Un virus ancien, découvert sur les rives d’une rivière coréenne
Le hantavirus n’a rien d’un nouveau venu. Ses premières traces remontent à la guerre de Corée, lorsque des milliers de soldats furent frappés par une mystérieuse fièvre hémorragique. Il faudra attendre 1976 pour que le virus soit isolé près de la rivière Hantaan, qui lui donnera son nom.
Depuis, les chercheurs savent que les hantavirus circulent silencieusement dans le monde entier, portés par des rongeurs sauvages qui n’en souffrent pas mais contaminent leur environnement.
Pourquoi l’Argentine revient toujours dans les discussions
Si le hantavirus existe en Europe, en Asie et en Amérique du Nord, c’est bien l’Argentine qui cristallise les inquiétudes. Dans les provinces de Chubut, Río Negro et Neuquén, nichées entre forêts humides et montagnes abruptes, circule une souche unique au monde : le virus Andes.
Son réservoir naturel est un petit rongeur discret, l’Oligoryzomys longicaudatus, surnommé le rat pygmée à longue queue. Mais ce n’est pas l’animal qui inquiète : c’est ce que cette souche est capable de faire.
La souche Andes : une exception virologique
Contrairement aux autres hantavirus, qui se transmettent uniquement par contact avec des excrétions de rongeurs, la souche Andes peut passer d’une personne à l’autre. Une caractéristique rarissime dans la famille des hantavirus, et qui a été confirmée à plusieurs reprises.
En 1995, dans la petite ville d’El Bolsón, les autorités sanitaires argentines documentent les premiers cas de transmission interhumaine. Vingt ans plus tard, l’épidémie d’Epuyén (2018–2019) frappe les esprits : 34 cas, 11 décès, et des chaînes de contamination entre proches, voisins, soignants.
Depuis, chaque nouveau foyer attire l’attention internationale.
Quand la Patagonie devient un point de départ mondial
En 2026, un nouvel épisode rappelle la dangerosité de la souche Andes. À bord du navire MV Hondius, plusieurs passagers tombent malades. L’enquête remonte jusqu’à un patient zéro contaminé dans une décharge d’Ushuaïa, un lieu fréquenté par les rongeurs vecteurs.
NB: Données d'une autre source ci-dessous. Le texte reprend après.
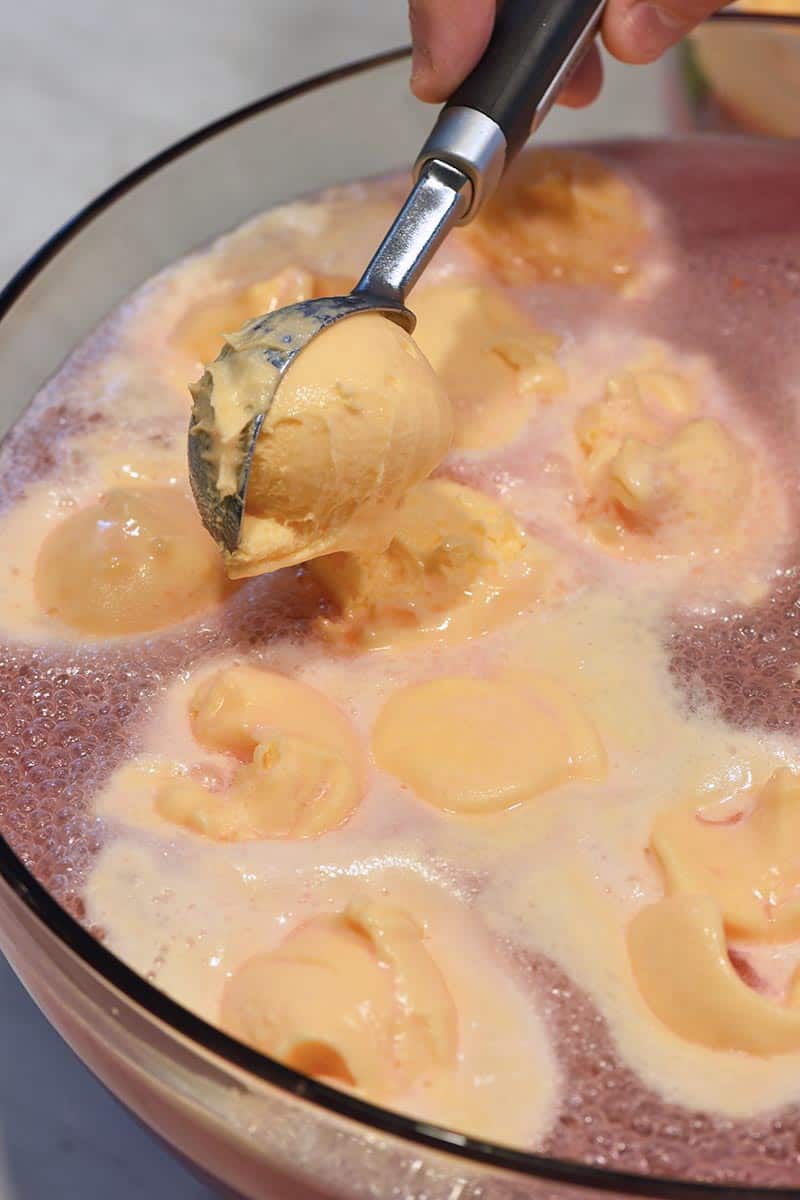 scooping orange sherbet while making orange sherbet punch in punch bowl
Le virus voyage alors bien au-delà des Andes, transporté par des touristes internationaux. Un scénario qui, sans provoquer de pandémie, suffit à rappeler que la souche Andes n’est pas un virus local : c’est un virus exportable.
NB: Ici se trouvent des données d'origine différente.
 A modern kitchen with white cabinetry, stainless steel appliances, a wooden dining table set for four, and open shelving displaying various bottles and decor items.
Un virus surveillé, mais pas nouveau
Malgré son aura inquiétante, le hantavirus n’est pas un agent émergent. Il circule depuis des siècles, probablement bien avant sa découverte officielle. Chaque année, entre 150 000 et 200 000 infections sont recensées dans le monde, la plupart bénignes ou modérées selon la souche.
Mais la souche Andes, elle, reste sous haute surveillance. Non pas parce qu’elle menace de déclencher une pandémie, mais parce qu’elle rappelle que certains virus anciens peuvent encore réserver des surprises.
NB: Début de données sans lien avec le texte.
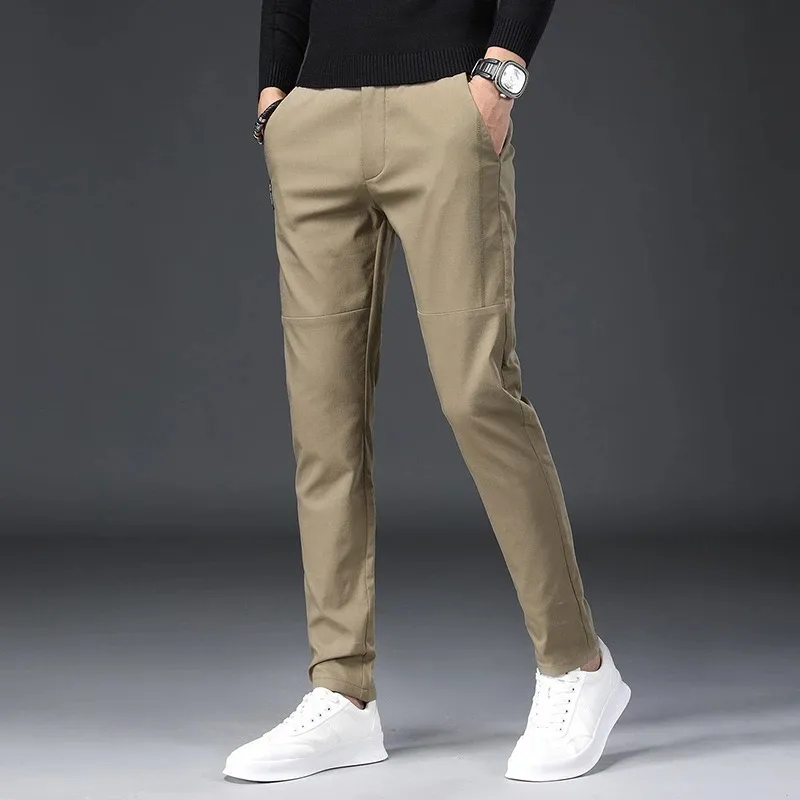 Męskie spodnie garniturowe Formalne Mężczyźni Dresss Spodnie Odzież Korea Styl Slim Elastyczna Talii Biuro Klasyczny Letni Spoder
Un enjeu de santé publique régional… aux répercussions globales
L’Argentine et le Chili ont renforcé leur surveillance : captures de rongeurs, analyses environnementales, campagnes d’information. Les habitants des zones rurales connaissent bien les consignes : aérer les cabanes, éviter de balayer à sec, protéger les réserves alimentaires.
Pour le reste du monde, la souche Andes demeure un rappel : les virus ne respectent ni frontières ni isolements géographiques. Et parfois, c’est dans les régions les plus reculées que se cachent les menaces les plus singulières.